The study looked for evidence of potential human impact on global drought patterns through the 20th century. Specifically, it sought to find match between the so-called "fingerprint" of human impact on drying and wetting patterns that theories had predicted, with the actual results across the globe. If human behaviors really were to blame, the global patterns of regional drying and wetting characteristics of the climate should match up.

Sure enough, all the signs were there. The researchers used the Palmer Drought Severity Index, or PDSI, as a gage of water conditions. That takes an average of soil moisture over the summer months, calculating it from data that includes precipitation, runoff, and air temperature. Although NASA is now capable of making soil moisture measurements from space, that data only runs back to 1980.

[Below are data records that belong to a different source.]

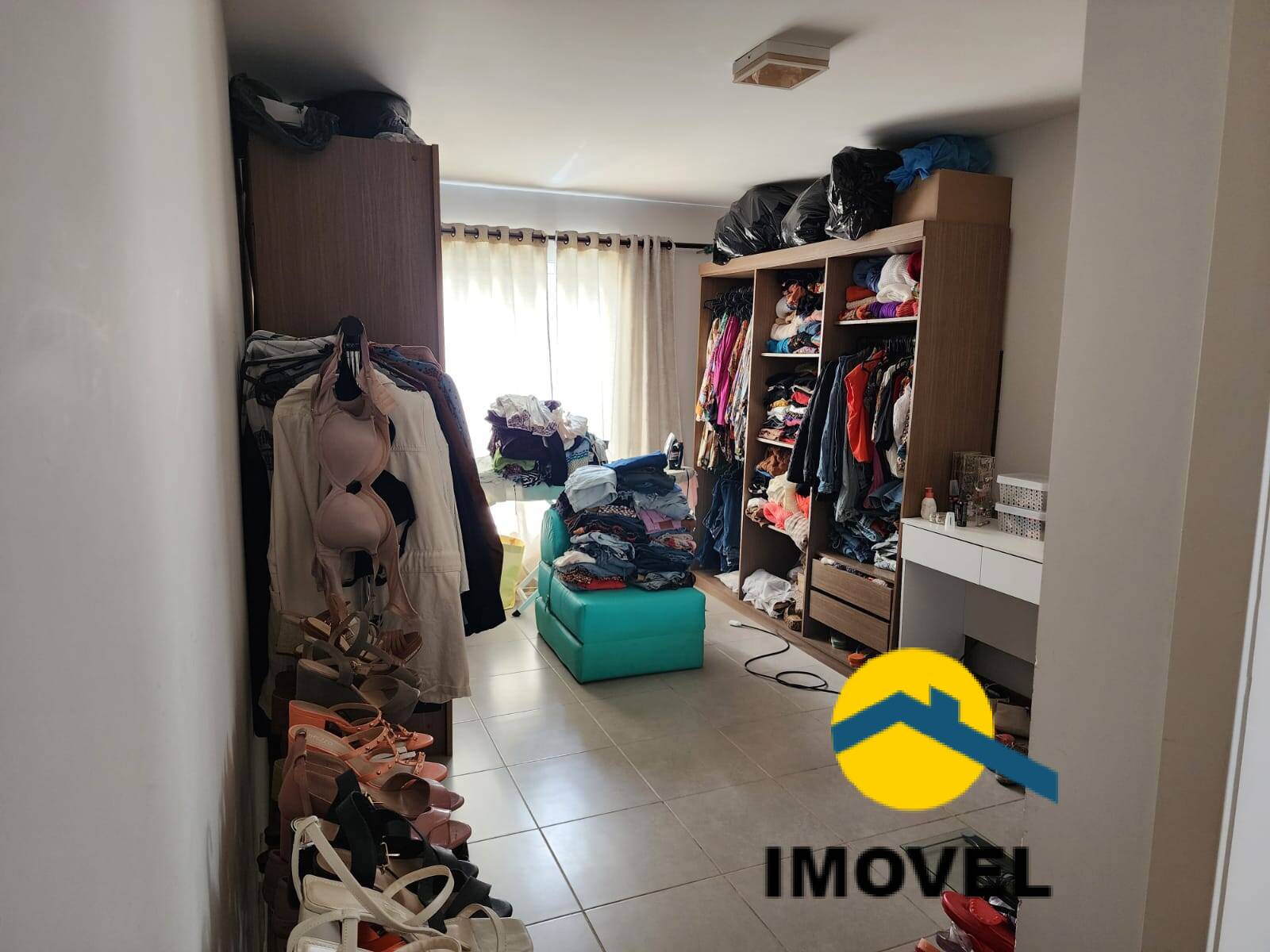 Casa à venda com 3 quartos, 175m² - Foto 10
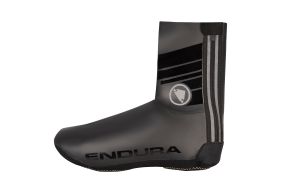 Endura - Silniční návleky na tretry Road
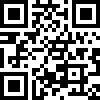 https://khabaronline.ir/xgrhL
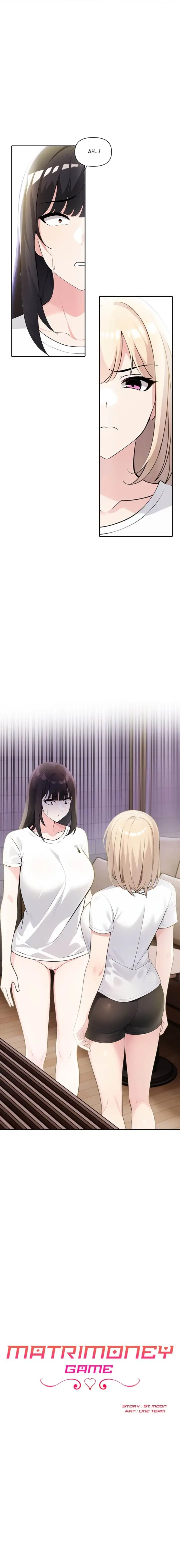 image-komik-matrimoney-game-studio-moon-chapter-10-1/14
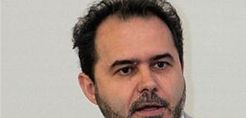 Ν.Φωτόπουλος: Δεν μετακινήθηκα στον ΣΥΡΙΖΑ - Δεν ψήφισα ΠΑΣΟΚ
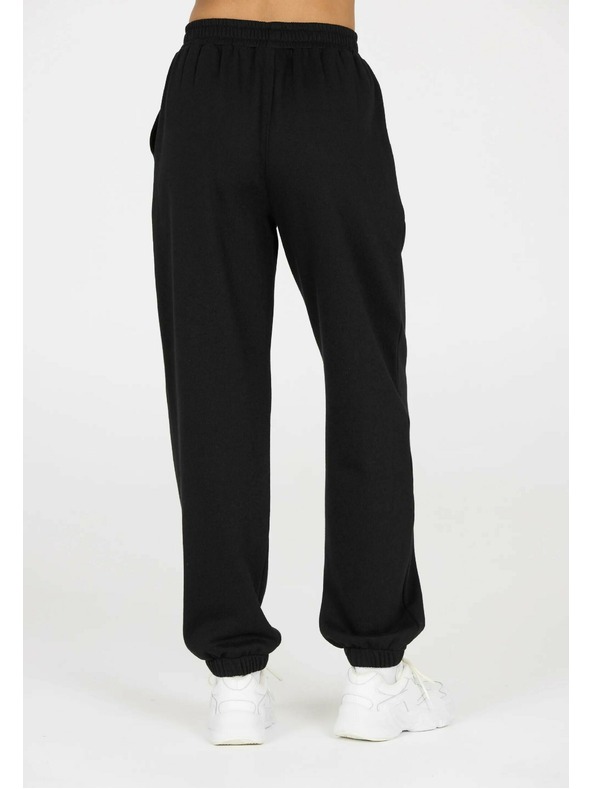 Athlecia Damen Jogginghose Athlecia Carmen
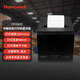 霍尼韋爾（Honeywell）熱敏標簽/外賣小票打印機 USB/藍牙連接 商超餐飲 條碼不干膠小2寸打印機OD280D藍牙款黑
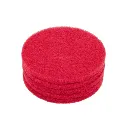 Red Buffing Pads 500.webp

In contrast, by using "drought atlases" based on tree ring thickness, the researchers could calculate drought conditions over centuries. "Taken together, modern soil moisture measurements and tree ring-based records of the past create a data set that the team compared to the models," NASA says. "They also calibrated their data against climate models run with atmospheric conditions similar to those in 1850, before the Industrial Revolution brought increases in greenhouse gases and air pollution."

Human impact on drought conditions first became significant in the early 20th century. While there was a brief respite into cooler and wetter conditions between 1950 and 1975, which the team believes was down to aerosol gases flooding the atmosphere before environmental regulations clamped down on them, the general trend suggests the model's fingerprint is a true reflection of reality.

The risks of increasing drought conditions are significant. NASA predicts that it could well lead to shortages of both food and water, prompting conflict as people fight for natural resources. Health impacts are likely, too, while parched forests and other previously green areas could fall victim to wildfires.

Importantly, the study tries to cut off arguments based on anecdotal evidence, such as pointing to unexpectedly high rainfall in particular areas. Instead this new NASA study looked to global drought, which can bypass the natural variability experienced by individual regions. "Combining many regions into a global drought atlas meant there was a stronger signal if droughts happened in several places simultaneously," NASA explains.

All the same, the results are likely to be controversial. Previous drought studies, while generally pessimistic in their conclusions, have typically fallen short of directly blaming human actions for the changes in water availability. This new study doesn't shy away from pinning the blame, however.

"Part of our motivation was to ask, with all these advances in our understanding of natural versus human caused climate changes, climate modeling and paleoclimate, have we advanced the science to where we can start to detect human impact on droughts?" Cook suggests. He – and the study – concludes that the answer is an ominous "yes."